3- Bu gurur ve zafer duygusu sadece Gazze‘de değil bütün Filistin topraklarında Batı Şeria’yı ve Filistinlilerin yaşadığı bütün kampları kapsamaktadır.
4- Lübnan Hizbullah’ını, Irak’taki Haşdi Şabi’yi ve İran’la gönül bağı olan bütün direniş gruplarını kapsayan direniş cephesi, tümüyle şu anda mücadele meydanında bulunmaktalar ve bu Siyonist rejimin bütün askeri hesaplarını altüst etmektedir.
5- Hamas’ın şu an hazır kıta 40 bin savaşçısının yanı sıra 60 bin yedek askeri gücü bulunmaktadır. Hamas’ın yanında iki Filistin cihat örgütü daha Gazze’de bu savaşımıza destek vermektedirler.
6- Gazze’de düşmanın kara harekâtı başlarsa bütün dünya Hamas’ın nasıl bir karşı harekâta girişeceğini gördüklerinde şaşıracaklar. Hamas hem kara hem hava hem deniz yoluyla harekâtını gerçekleştirecek güce sahiptir.
7- Aksa Tufanının ilk saatlerinde Siyonist rejimin 30 yüksek rütbeli komutanı esir düştü. Bu operasyonun önemli kazanımlarından birisi de ilk saatlerde mücahitlerin kontrolüne geçen askeri karargâhlarda ele geçirilen önemli ve gizli askeri dosyalar, belgeler ve bilgilerdir.
8- Gazze‘deki evlerin çoğu güneş panelleri ile elektrik sağlamakta ve zorunlu ihtiyaçlarını bu şekilde karşılamaktadırlar.
9- Gazze’de iki ana su kaynağı bulunmaktadır. Biri Kudüs’ten döşenen su borularıdır. Diğeri ise kuyular su pompalar yardımıyla yeraltı su kaynaklarından elde edilmektedir. Şu anda İsrail’den gelen sular kesildiği için yeraltı sularından yararlanılmaktadır.
10- Mevcut durum ve şartlar bu şekilde devam etse bile biz en az bir yıl direnmeye ve mücadeleye devam edebilecek güçteyiz inşallah.
11- Savaşın ilk günlerinde Gazze’nin güney tarafında yakınları bulunan Gazze halkından bir kısmı oralara gitmelerine rağmen İsrail tarafından zorunlu göç ettirme olayını duyduklarında hemen kuzey Gazze’ye geri dönerek bombalar altında bulunmayı, ülkelerini terk etmeye tercih ettiler.
12- Gazze halkı ile Hamas arasını ayırmak asla mümkün değildir. Esasen Gazze halkının hepsi kendilerini Hamas’ın bir üyesi olarak görmektedir ve gerektiğinde Hamas’ın yanında İsrail ordusuyla savaşacaklarından kimsenin şüphesi olmasın.
13- Gazze halkı öyle gurur verici bir hareket gerçekleştir ki Batı Asya’da hiçbir askeri güç şu ana kadar işgalcilere karşı öyle bir hareketi gerçekleştirmeye muvaffak olamamıştır.
14- Sık sık İsrail’in savunma olarak kullandığı Demir Kubbeden bahsedilmektedir, 7 Ekim’den bugüne kadar işgal topraklarının en az 4.000 noktası Hamas’ın füzeleri ve roketleri ile hedef alınmıştır. Bunlardan en fazla %20’si Demir Kubbe engeline takılmıştır.

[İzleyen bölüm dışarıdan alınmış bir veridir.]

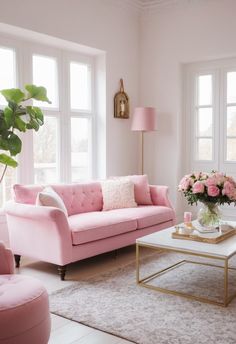 a living room filled with pink furniture and lots of flowers on top of a coffee table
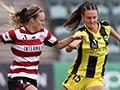 A women in a yellow uniform shown during a football game contesting the ball against a player in a striped red and white uniform.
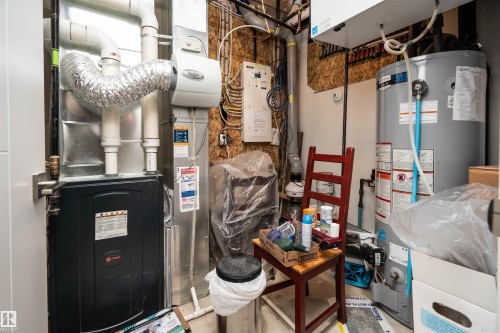 Utility space featuring a water heater and furnace with associated ductwork - 4714 Charles Bay Bay, Edmonton, AB 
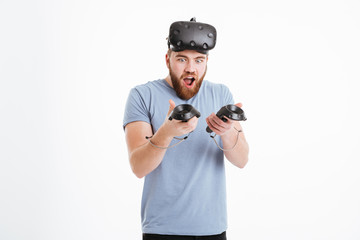 Wall Mural - Joyful cheerful man wearing virtual reality device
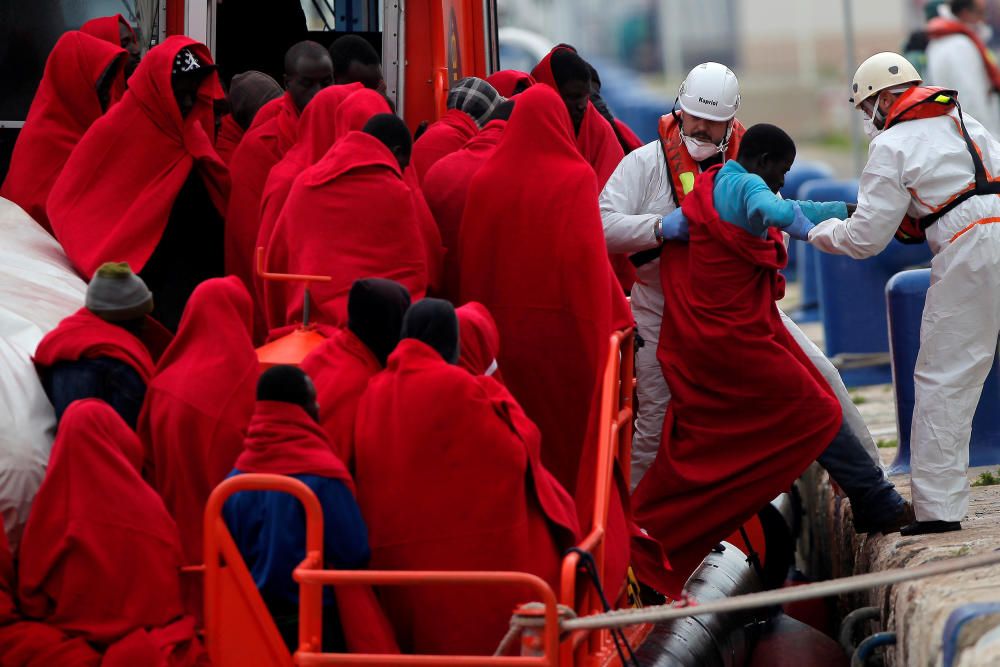 Migrants stand on a rescue boat upon arriving on ...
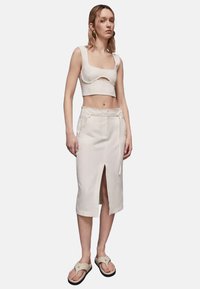 Cropped top bianco con un'apertura, abbinato a una gonna midi bianca con uno spacco frontale e tasche, completato da sandali leggeri.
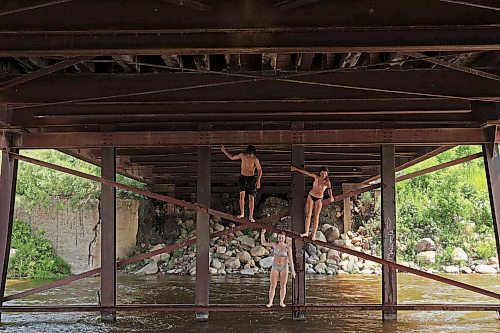 08072024
Siblings Cale Calcut, Bailey Anderson and Leighton Calcut climb on girders under the Daly - Whitehead Centennial Bridge while swimming in the Little Saskatchewan River on a hot Monday afternoon. 
(Tim Smith/The Brandon Sun)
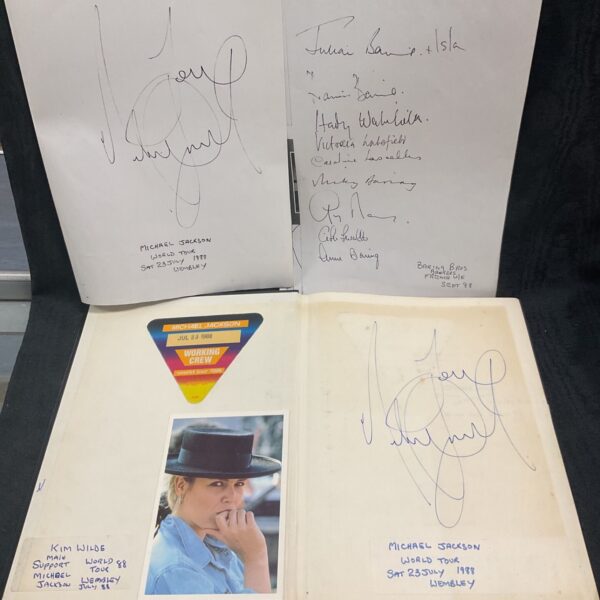 Michael Jackson autograph book cover with signatures.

15- Bu operasyonda İsrail’in 10 bin askeri gücünü Gazze Şeridi’nden uzaklaştırmayı başardık.
16- Bu operasyonun asli hedefi düşmanın ve bizim göze aldığımız kayıplara rağmen Siyonistlerin ve Siyonist yerleşimcilerin korkuya kapılmalarını sağlamak ve işgal topraklarında rahat bir şekilde yaşayamayacaklarını onlara göstermekti. Bu süreç, topraklarımızın işgalden tamamen kurtulacağı güne kadar devam edecektir.

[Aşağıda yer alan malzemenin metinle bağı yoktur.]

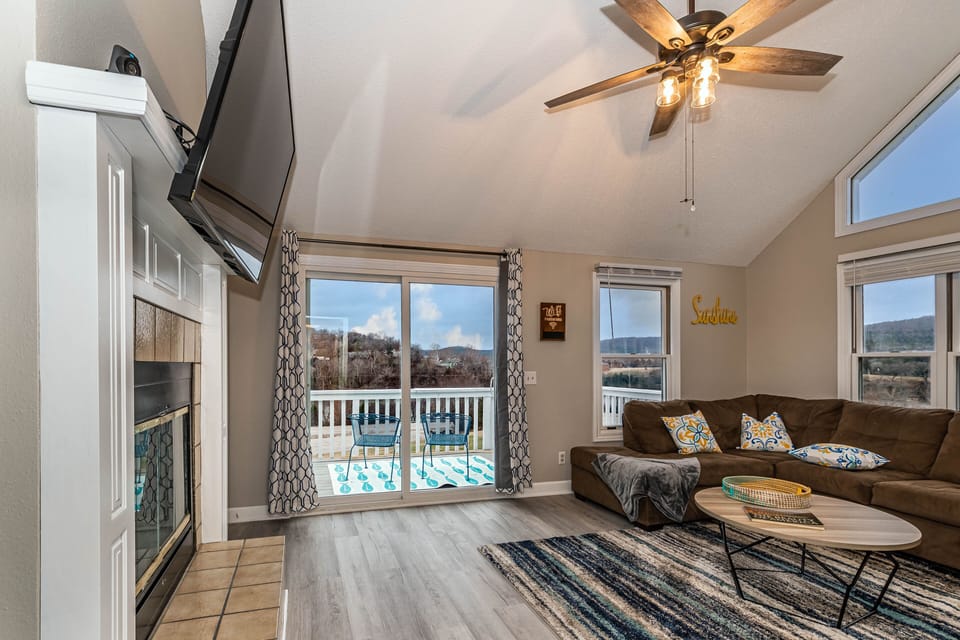 View onto deck with beautiful lake views. Propane grill for your use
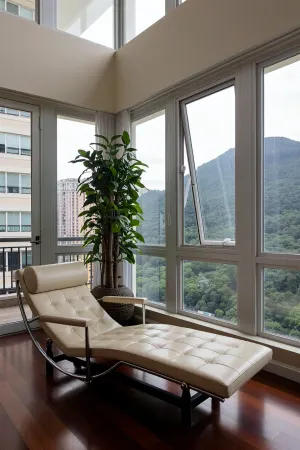 The scene is a high-rise apartment, skyscraper, large floor to ceiling windows, aged mahogany floors, a cream colored leather chaise lounge, a large Ceylon creeper, money plant, on the 12ft ceiling is a skylight, there is a balcony, far in the distance is a mountain that is deeply forested.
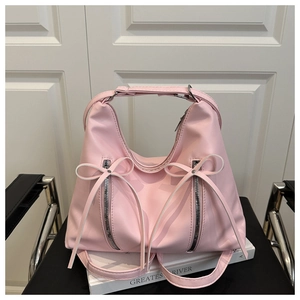 Detail der rosa Schleifenhandtasche mit Silberreißverschlüssen auf Ledersessel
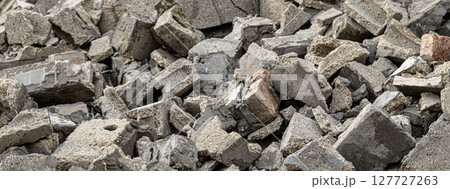 Pile of gray concrete and brick rubble creating textured background 127727263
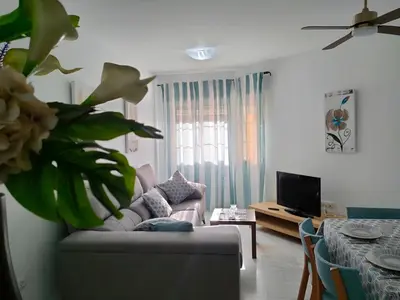 a living room with a couch and a table at Casita de la Infanta by Sanlúcar Housing in Sanlúcar de Barrameda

17- Bizim İran İslam Cumhuriyeti‘nden savaşa doğrudan katılması gibi bir beklentimiz yoktur. İslam Cumhuriyeti bizim müttefikimizdir ve eğer biz bugün İsrail’e karşı böyle bir operasyonu gerçekleştirebiliyorsak bunu İran’dan aldığımız askeri lojistik, eğitimler ve donanımlara borçluyuz.

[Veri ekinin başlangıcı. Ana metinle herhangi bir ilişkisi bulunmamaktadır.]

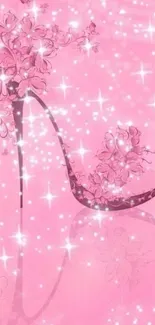 Pink stiletto with floral design and sparkling background wallpaper.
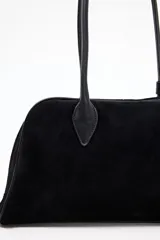 Cartera tipo bowling negra, confeccionada en material que simula gamuza o ante, con dos asas superiores de cuero liso negro. Presenta una forma alargada y redondeada en la base.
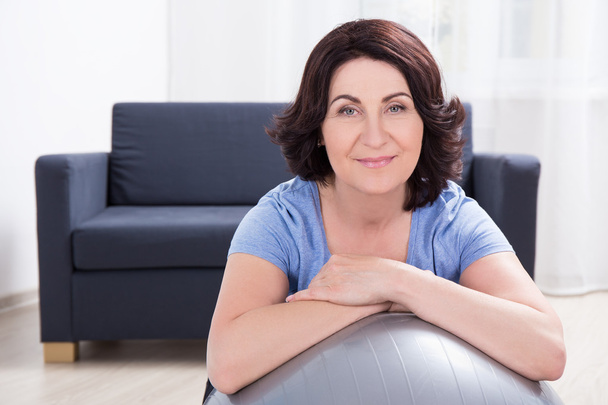 Portrait d’une femme mature sportive avec ballon de fitness à la maison - Photo, image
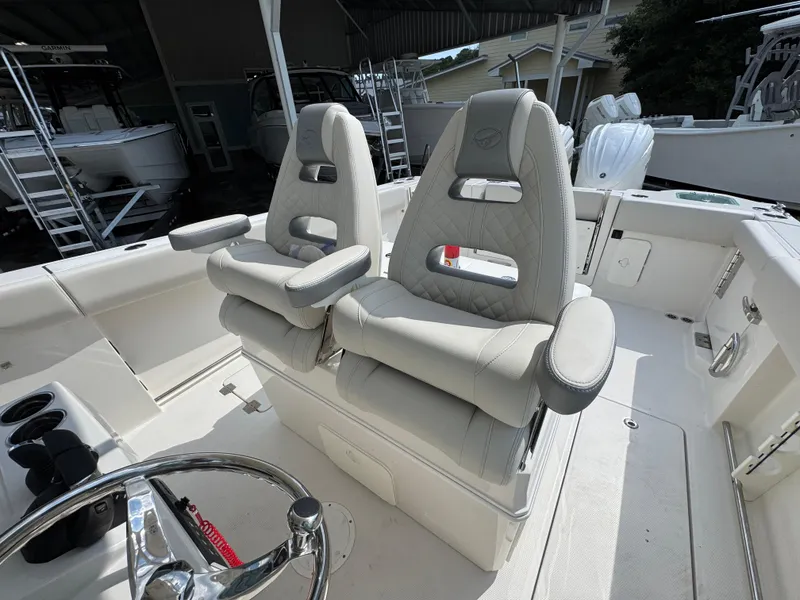 Slide: The Image of 2025 Sailfish 312 CC boat interior with luxurious seating and steering wheel. - 35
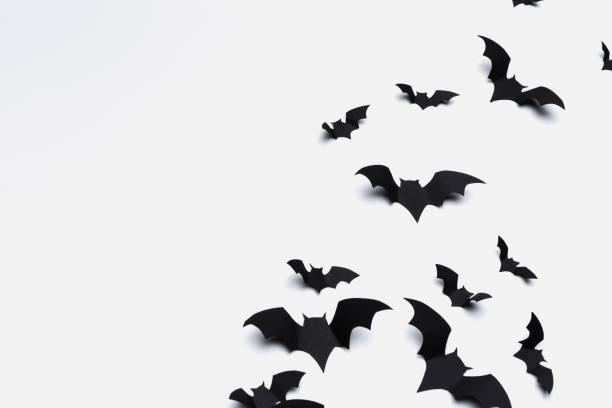 istock halloween and decoration concept - paper bats flying 1410229802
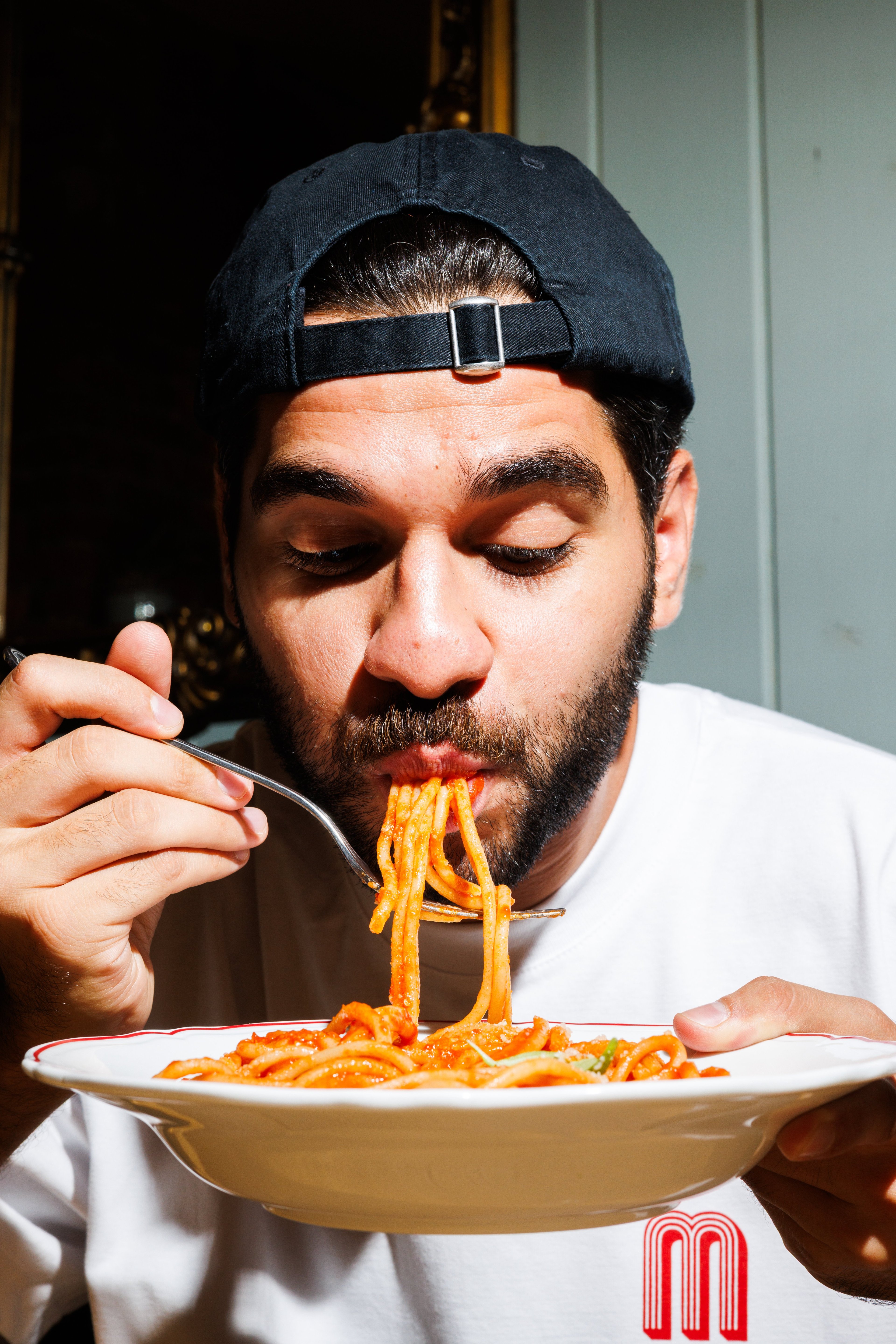 A man wearing a baseball cap enjoys a plate of spaghetti with tomato sauce in a brightly lit restaurant setting.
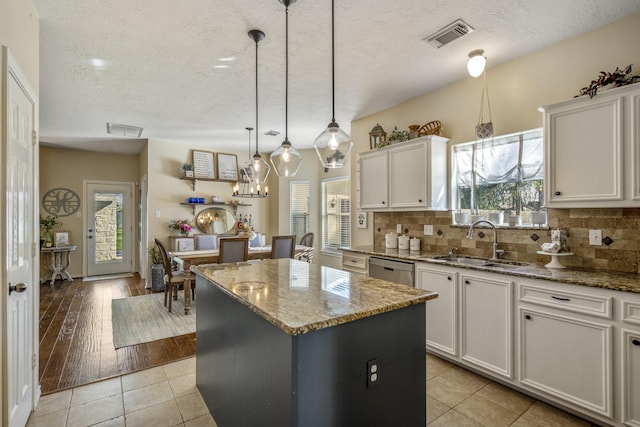 kitchen with tasteful backsplash, a kitchen island, dishwasher, white cabinets, and a sink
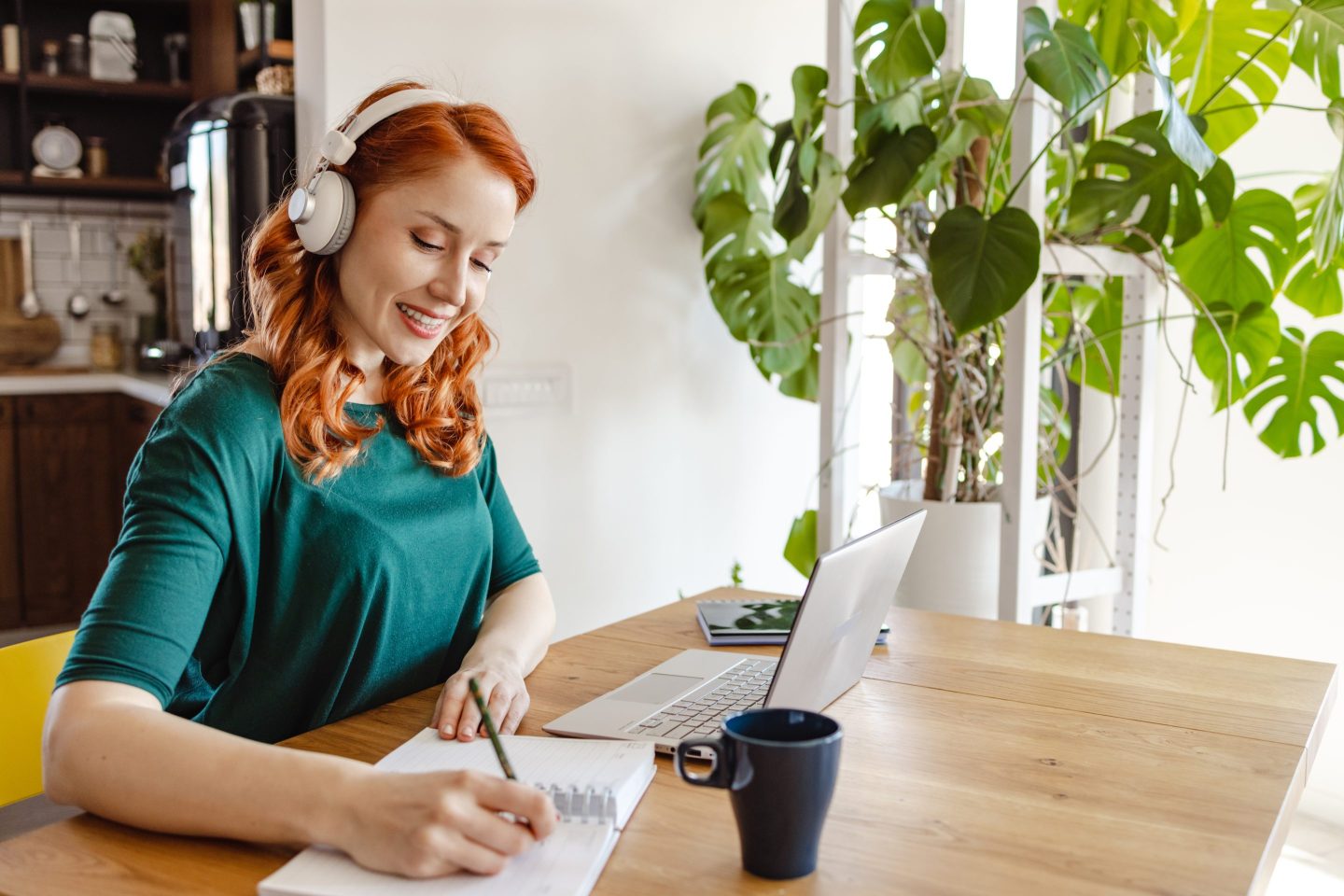 Caucasian women use laptop at home and concentrate on work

18- Bizim derdimiz sadece toprak değil veya sadece kendi ülkemizi kurtarmak değil. Bizim meselemiz İslam ve Müslümanların izzeti, onuru ve şerefidir. Gazze halkının seçtiği yol dönüşü olmayan bir yoldur. Biz şerefle yaşamayı seçmiş bulunmaktayız.